* **What to produce**
Nothing outside the range below should be printed. Output exactly the lines from the line with "Connecticut state of" to the line with "view of front facade with", both included.
------------------------------
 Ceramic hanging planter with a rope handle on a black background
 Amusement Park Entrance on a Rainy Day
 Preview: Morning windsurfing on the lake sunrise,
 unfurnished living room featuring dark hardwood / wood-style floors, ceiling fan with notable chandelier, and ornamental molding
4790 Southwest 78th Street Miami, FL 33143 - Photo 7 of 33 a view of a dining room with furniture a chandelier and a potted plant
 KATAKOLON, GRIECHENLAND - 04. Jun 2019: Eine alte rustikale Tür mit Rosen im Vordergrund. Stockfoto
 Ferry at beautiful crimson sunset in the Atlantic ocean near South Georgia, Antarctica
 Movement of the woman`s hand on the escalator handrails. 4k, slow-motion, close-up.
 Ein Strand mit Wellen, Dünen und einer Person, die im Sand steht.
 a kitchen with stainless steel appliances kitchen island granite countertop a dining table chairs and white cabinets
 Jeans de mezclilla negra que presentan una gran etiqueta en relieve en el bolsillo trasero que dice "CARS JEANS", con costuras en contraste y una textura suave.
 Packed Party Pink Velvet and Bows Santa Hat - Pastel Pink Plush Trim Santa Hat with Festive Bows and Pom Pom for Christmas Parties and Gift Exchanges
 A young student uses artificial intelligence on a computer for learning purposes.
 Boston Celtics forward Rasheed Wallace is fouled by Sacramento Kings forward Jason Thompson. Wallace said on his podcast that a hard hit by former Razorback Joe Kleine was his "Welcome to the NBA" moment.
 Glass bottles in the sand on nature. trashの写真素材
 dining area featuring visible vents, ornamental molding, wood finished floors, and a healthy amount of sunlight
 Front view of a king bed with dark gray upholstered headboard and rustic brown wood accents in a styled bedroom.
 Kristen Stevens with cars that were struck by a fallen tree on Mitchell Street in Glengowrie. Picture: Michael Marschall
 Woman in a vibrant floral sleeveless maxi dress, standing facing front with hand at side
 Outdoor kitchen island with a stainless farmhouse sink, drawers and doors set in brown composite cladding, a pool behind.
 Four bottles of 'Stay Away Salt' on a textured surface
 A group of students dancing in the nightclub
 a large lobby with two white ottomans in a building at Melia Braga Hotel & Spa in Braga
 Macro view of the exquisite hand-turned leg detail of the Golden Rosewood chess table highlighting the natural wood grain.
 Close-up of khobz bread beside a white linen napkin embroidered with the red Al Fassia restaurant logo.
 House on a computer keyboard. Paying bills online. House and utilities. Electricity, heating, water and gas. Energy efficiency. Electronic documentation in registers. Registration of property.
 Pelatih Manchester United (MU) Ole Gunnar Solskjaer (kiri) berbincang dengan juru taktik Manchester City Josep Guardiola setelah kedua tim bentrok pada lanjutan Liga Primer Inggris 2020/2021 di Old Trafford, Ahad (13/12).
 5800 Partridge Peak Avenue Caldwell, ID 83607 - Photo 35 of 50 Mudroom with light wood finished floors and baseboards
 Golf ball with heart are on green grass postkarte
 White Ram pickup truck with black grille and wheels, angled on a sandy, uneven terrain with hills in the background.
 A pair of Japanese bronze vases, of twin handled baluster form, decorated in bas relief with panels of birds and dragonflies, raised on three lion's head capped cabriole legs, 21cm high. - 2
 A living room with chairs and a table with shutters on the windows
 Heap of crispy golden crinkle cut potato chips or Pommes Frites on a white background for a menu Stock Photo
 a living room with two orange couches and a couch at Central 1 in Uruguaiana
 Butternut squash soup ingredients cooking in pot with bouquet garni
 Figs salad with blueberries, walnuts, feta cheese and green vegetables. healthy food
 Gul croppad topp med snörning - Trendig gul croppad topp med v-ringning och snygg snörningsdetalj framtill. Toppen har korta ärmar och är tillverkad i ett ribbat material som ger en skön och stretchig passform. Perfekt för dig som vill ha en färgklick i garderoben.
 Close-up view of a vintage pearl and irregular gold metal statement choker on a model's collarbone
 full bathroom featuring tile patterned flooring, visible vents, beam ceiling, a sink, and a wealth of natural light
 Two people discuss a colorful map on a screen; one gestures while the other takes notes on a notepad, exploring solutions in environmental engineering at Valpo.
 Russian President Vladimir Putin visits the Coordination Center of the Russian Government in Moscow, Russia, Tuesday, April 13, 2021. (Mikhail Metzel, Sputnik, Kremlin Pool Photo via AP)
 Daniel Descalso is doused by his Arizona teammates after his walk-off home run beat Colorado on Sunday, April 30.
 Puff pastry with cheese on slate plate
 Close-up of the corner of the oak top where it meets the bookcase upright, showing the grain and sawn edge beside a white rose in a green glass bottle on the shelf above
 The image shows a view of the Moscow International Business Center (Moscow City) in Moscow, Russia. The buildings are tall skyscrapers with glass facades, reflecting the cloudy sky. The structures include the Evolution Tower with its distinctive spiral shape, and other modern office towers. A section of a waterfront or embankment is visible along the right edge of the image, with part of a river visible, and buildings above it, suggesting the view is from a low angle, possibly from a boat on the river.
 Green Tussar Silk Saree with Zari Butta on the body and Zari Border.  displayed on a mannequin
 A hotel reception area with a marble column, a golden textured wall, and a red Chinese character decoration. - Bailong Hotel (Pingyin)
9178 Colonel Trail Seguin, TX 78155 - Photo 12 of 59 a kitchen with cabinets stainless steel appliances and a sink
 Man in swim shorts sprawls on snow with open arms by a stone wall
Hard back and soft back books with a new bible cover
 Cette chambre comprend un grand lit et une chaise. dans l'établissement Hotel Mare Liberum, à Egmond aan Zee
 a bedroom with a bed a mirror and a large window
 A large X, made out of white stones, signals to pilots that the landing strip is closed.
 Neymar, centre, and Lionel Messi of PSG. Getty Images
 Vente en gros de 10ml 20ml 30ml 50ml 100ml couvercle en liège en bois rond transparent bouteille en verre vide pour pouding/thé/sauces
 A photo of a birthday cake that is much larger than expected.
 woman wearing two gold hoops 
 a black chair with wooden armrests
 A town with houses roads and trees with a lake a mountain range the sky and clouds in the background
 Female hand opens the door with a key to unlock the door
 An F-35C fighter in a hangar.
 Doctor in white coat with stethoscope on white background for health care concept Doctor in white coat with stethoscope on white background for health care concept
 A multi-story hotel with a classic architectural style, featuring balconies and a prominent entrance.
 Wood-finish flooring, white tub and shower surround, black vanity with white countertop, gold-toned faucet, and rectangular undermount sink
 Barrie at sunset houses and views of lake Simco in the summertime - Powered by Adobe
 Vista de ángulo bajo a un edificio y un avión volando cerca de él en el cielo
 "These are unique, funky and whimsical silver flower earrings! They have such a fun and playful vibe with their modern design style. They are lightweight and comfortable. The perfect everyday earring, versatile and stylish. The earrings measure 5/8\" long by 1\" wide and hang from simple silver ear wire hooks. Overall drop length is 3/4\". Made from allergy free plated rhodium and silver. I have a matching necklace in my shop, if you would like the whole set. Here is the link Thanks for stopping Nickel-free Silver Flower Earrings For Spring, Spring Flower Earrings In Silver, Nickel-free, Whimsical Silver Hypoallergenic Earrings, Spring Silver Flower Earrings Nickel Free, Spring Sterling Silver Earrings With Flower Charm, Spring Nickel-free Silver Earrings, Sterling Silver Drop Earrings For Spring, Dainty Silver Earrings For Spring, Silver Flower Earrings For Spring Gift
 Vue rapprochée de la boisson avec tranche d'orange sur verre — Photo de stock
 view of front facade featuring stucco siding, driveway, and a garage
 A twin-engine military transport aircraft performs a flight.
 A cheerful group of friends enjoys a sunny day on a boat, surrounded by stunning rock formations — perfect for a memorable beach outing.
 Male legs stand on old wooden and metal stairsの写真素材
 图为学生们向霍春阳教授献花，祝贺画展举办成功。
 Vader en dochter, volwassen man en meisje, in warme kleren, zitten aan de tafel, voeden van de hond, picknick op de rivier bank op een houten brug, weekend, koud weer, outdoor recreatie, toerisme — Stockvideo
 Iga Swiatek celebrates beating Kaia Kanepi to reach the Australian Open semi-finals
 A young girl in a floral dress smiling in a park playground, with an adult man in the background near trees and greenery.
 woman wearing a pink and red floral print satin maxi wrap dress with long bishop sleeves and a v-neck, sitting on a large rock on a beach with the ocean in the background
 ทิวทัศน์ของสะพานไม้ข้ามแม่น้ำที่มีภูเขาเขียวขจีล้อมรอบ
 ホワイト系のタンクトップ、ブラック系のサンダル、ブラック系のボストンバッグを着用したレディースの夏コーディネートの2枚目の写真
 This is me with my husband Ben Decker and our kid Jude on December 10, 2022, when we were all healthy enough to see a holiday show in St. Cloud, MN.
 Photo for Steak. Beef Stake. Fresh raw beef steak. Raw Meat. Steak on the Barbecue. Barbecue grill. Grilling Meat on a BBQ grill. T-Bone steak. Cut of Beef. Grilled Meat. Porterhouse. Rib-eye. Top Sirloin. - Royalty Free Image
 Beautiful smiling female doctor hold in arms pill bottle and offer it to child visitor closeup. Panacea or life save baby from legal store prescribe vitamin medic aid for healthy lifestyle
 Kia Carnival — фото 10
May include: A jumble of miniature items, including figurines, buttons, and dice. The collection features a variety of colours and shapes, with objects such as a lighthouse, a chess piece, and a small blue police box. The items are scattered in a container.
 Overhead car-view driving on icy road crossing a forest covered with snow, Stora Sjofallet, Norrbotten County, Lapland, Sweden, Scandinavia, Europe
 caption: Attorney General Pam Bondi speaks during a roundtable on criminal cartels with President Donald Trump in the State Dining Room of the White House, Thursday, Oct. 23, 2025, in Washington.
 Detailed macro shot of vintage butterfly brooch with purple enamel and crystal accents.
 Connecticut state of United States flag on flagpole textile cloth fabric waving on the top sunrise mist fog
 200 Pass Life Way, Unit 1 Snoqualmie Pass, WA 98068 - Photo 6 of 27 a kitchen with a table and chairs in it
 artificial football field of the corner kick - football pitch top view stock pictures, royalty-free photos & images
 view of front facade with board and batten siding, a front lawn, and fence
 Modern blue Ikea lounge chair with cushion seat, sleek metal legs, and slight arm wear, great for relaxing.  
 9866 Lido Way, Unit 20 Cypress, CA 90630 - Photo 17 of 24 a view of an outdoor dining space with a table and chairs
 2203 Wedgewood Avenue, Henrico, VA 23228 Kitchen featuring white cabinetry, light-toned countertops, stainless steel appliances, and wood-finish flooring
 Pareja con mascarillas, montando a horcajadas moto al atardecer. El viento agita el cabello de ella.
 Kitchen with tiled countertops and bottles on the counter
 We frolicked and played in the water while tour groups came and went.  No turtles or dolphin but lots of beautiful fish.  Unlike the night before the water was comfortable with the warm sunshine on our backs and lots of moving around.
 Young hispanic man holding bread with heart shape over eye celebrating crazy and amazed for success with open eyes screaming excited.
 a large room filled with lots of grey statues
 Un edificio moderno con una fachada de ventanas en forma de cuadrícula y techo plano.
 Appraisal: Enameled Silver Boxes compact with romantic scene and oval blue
------------------------------
* **Solution to the problem**
 Connecticut state of United States flag on flagpole textile cloth fabric waving on the top sunrise mist fog
 200 Pass Life Way, Unit 1 Snoqualmie Pass, WA 98068 - Photo 6 of 27 a kitchen with a table and chairs in it
 artificial football field of the corner kick - football pitch top view stock pictures, royalty-free photos & images
 view of front facade with board and batten siding, a front lawn, and fence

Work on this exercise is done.